Peter remained silent, continuing to gaze out upon the immeasurable ocean. As Larry looked at his hands, the Lieutenant pondered the plight of such war victims. Combat stress? Who doesn’t feel its effects sooner or later?
Finally, Peter asked,
“How old are you, kid?”
“19. I, eh, well, to tell the truth, almost 18, in another two months.”
“Well, the war in the Pacific is almost over, I would say. Maybe another eight or ten months. My hunch is that you’ll sit the rest of it out in Hawaii, say, for six months, then be sent home. Where you from?”
“Southern California, a little community nestled in the hills of North Pasadena. But do you really think the war will be over soon, in less than a year?”

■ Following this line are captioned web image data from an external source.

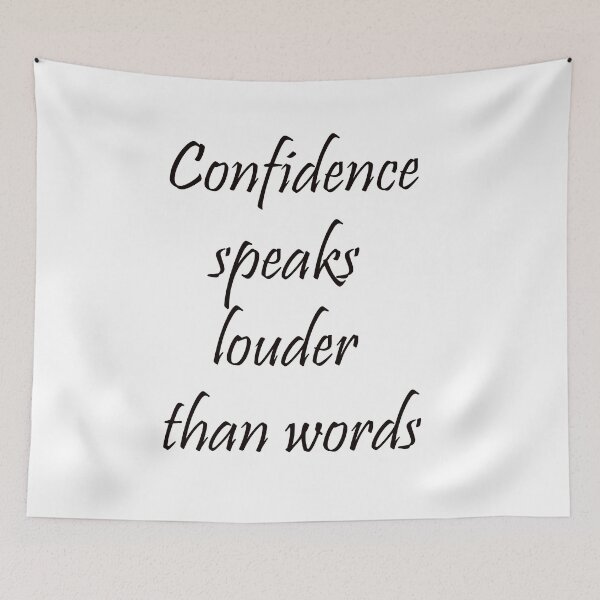 Item preview, Confidence speaks louder than words designed and sold by ArtNestVerse.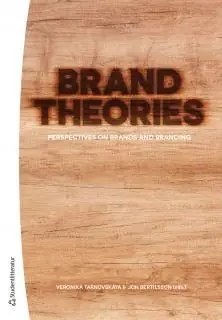 Brand Theories - Perspectives on brands and branding | 1:a upplagan Erbjudandepris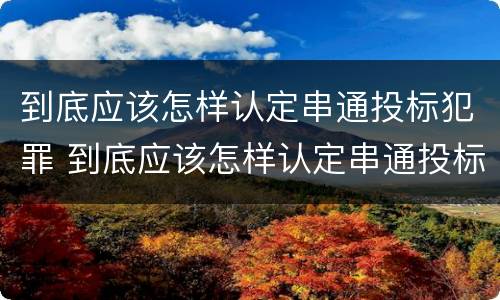 到底应该怎样认定串通投标犯罪 到底应该怎样认定串通投标犯罪呢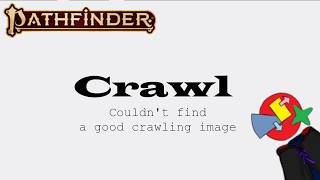 Be Prone Somewhere Else! | Action Deep Dive! Crawl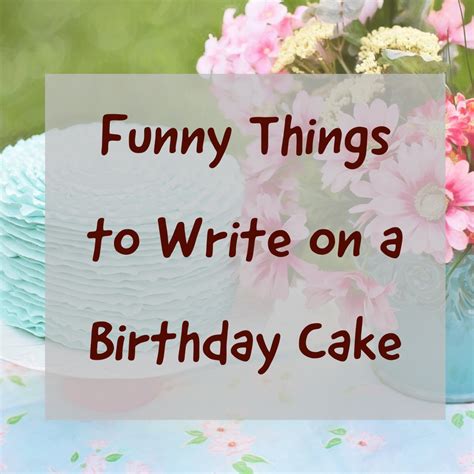Over 100 Funny Things To Write On A Birthday Cake Holidappy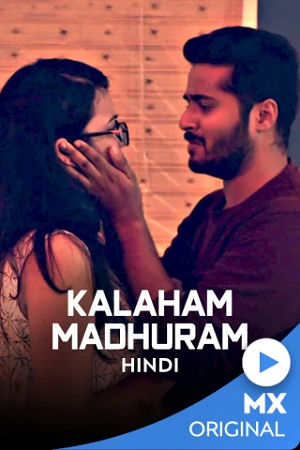 Kalaham Madhuram (2020) Season 1 Hindi Complete MX Player WEB Series 480p - 720p HDRip
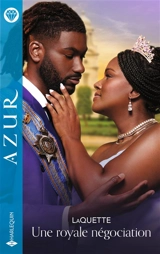 Une royale négociation - LaQuette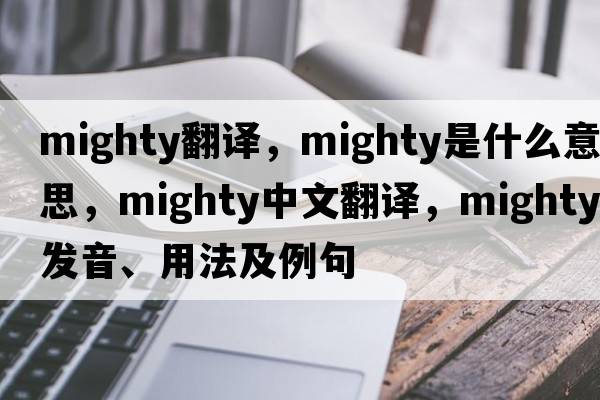 mighty翻譯，mighty是什么意思，mighty中文翻譯，mighty發(fā)音、用法及例句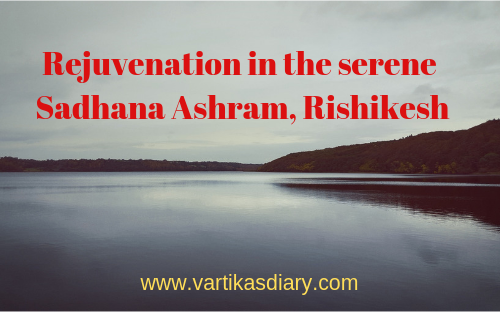Rejuvenation in the serene Sadhana Ashram, Rishikesh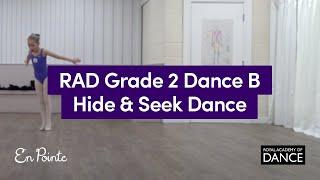 RAD Grade 2 dance B / Hide and seek dance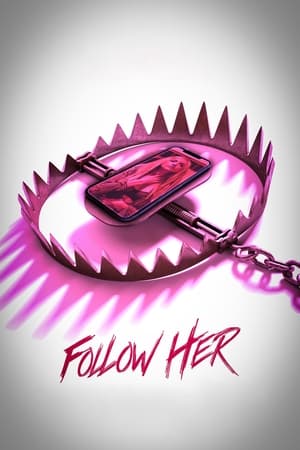 Watch Free Follow Her (2022)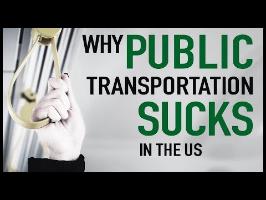 Why Public Transportation Sucks in the US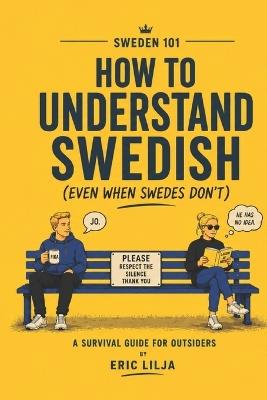 Swedish Language 101: How to Understand Swedish (Even When Swedes Don't) - Eric Lilja - cover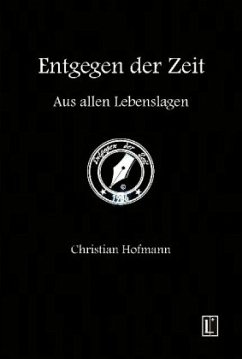 Entgegen der Zeit - Hofmann, Christian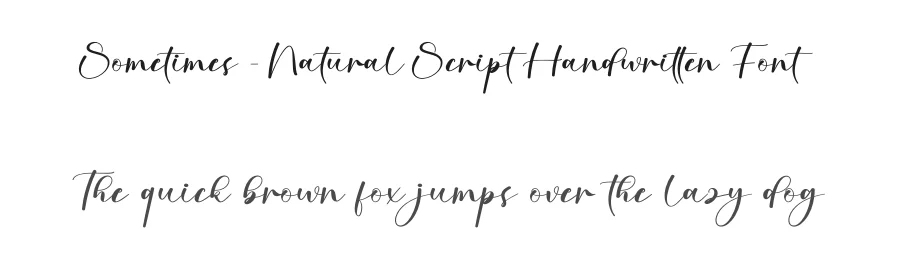 Sometimes – Natural Script Handwritten Font by creativeletter — Script Handwritten Font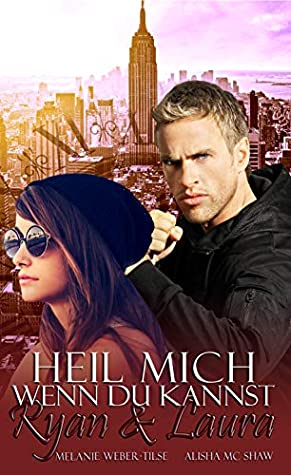 Heil mich, wenn du kannst: Ryan & Laura (Heil mich-Reihe, Band 6)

“Sure do. Look. We have only a few months to go before it’s 1945. Tinian and Guam were just declared secured. All organized Japanese resistance on both those advanced islands is over. Our Marine Corps alone has jumped to almost 33,000 and our enlisted men and women to 442,816! Amazing, don’t you think? We’ve landed on Saipan in the Marianas. We’ve gotten, this year alone, 1944 Roi-Namur, Kwajalein, all of New Britain, the Marshalls, Guam, Parry Island, Emirau, St. Matthias Islands, and most important of all, Rabual, the largest, most heavily defended Naval base in all the Pacific. And, to top all these islands, we’ve started straying and bombing the Palaus, Okinawa, and Iwo Jima. We’re on Japan’s doorstep. Now, there’s a whole lot of fighting left to be done, but all-in-all, the war is practically over. That is it; the Japanese surrender and we don’t have to invade Japan itself, the mother homeland, trying to take those four or five huge islands will be a huge task. We’ll lose at least a million men in that struggle which will add on another three years. If that’s the way it was meant to be, none of us will be alive when it’s over. My God, I pray to whomever will listen, the war must end before our first boys land on the beaches up there.”